[Exercise goal]
Please copy out the records that follow exactly as they stand.

[Scraped caption text data]
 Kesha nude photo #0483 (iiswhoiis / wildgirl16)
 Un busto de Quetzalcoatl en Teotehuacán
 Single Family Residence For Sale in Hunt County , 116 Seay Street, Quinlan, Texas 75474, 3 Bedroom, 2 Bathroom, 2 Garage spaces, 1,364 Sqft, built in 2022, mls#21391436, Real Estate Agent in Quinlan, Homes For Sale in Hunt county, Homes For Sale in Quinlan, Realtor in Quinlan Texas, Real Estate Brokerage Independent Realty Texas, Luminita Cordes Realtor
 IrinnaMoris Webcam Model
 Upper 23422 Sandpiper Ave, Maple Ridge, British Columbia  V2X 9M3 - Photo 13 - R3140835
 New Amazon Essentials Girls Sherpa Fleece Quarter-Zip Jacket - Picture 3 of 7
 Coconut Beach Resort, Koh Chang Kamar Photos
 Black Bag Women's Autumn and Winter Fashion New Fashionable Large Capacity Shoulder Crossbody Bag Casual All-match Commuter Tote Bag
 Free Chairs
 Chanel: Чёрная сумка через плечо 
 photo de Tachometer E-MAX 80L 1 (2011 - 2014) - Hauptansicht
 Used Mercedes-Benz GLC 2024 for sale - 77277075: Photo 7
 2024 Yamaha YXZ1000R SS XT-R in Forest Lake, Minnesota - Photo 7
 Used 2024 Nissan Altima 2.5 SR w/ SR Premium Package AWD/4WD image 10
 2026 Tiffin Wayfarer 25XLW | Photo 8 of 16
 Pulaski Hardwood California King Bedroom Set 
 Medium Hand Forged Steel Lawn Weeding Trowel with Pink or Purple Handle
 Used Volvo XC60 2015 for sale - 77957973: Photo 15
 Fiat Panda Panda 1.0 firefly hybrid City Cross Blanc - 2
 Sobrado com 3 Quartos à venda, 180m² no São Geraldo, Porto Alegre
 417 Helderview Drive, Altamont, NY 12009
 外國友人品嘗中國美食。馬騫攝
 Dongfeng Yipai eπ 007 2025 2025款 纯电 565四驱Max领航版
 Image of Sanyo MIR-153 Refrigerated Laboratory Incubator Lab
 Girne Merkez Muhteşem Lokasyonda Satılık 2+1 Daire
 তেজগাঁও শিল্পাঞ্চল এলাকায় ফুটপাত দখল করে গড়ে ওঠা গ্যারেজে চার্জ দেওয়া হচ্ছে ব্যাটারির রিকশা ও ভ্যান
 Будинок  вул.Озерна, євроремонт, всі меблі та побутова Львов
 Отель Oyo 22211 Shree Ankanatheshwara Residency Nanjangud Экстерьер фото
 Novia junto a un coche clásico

[Output for this exercise]
 Kesha nude photo #0483 (iiswhoiis / wildgirl16)
 Un busto de Quetzalcoatl en Teotehuacán
 Single Family Residence For Sale in Hunt County , 116 Seay Street, Quinlan, Texas 75474, 3 Bedroom, 2 Bathroom, 2 Garage spaces, 1,364 Sqft, built in 2022, mls#21391436, Real Estate Agent in Quinlan, Homes For Sale in Hunt county, Homes For Sale in Quinlan, Realtor in Quinlan Texas, Real Estate Brokerage Independent Realty Texas, Luminita Cordes Realtor
 IrinnaMoris Webcam Model
 Upper 23422 Sandpiper Ave, Maple Ridge, British Columbia  V2X 9M3 - Photo 13 - R3140835
 New Amazon Essentials Girls Sherpa Fleece Quarter-Zip Jacket - Picture 3 of 7
 Coconut Beach Resort, Koh Chang Kamar Photos
 Black Bag Women's Autumn and Winter Fashion New Fashionable Large Capacity Shoulder Crossbody Bag Casual All-match Commuter Tote Bag
 Free Chairs
 Chanel: Чёрная сумка через плечо 
 photo de Tachometer E-MAX 80L 1 (2011 - 2014) - Hauptansicht
 Used Mercedes-Benz GLC 2024 for sale - 77277075: Photo 7
 2024 Yamaha YXZ1000R SS XT-R in Forest Lake, Minnesota - Photo 7
 Used 2024 Nissan Altima 2.5 SR w/ SR Premium Package AWD/4WD image 10
 2026 Tiffin Wayfarer 25XLW | Photo 8 of 16
 Pulaski Hardwood California King Bedroom Set 
 Medium Hand Forged Steel Lawn Weeding Trowel with Pink or Purple Handle
 Used Volvo XC60 2015 for sale - 77957973: Photo 15
 Fiat Panda Panda 1.0 firefly hybrid City Cross Blanc - 2
 Sobrado com 3 Quartos à venda, 180m² no São Geraldo, Porto Alegre
 417 Helderview Drive, Altamont, NY 12009
 外國友人品嘗中國美食。馬騫攝
 Dongfeng Yipai eπ 007 2025 2025款 纯电 565四驱Max领航版
 Image of Sanyo MIR-153 Refrigerated Laboratory Incubator Lab
 Girne Merkez Muhteşem Lokasyonda Satılık 2+1 Daire
 তেজগাঁও শিল্পাঞ্চল এলাকায় ফুটপাত দখল করে গড়ে ওঠা গ্যারেজে চার্জ দেওয়া হচ্ছে ব্যাটারির রিকশা ও ভ্যান
 Будинок  вул.Озерна, євроремонт, всі меблі та побутова Львов
 Отель Oyo 22211 Shree Ankanatheshwara Residency Nanjangud Экстерьер фото
 Novia junto a un coche clásico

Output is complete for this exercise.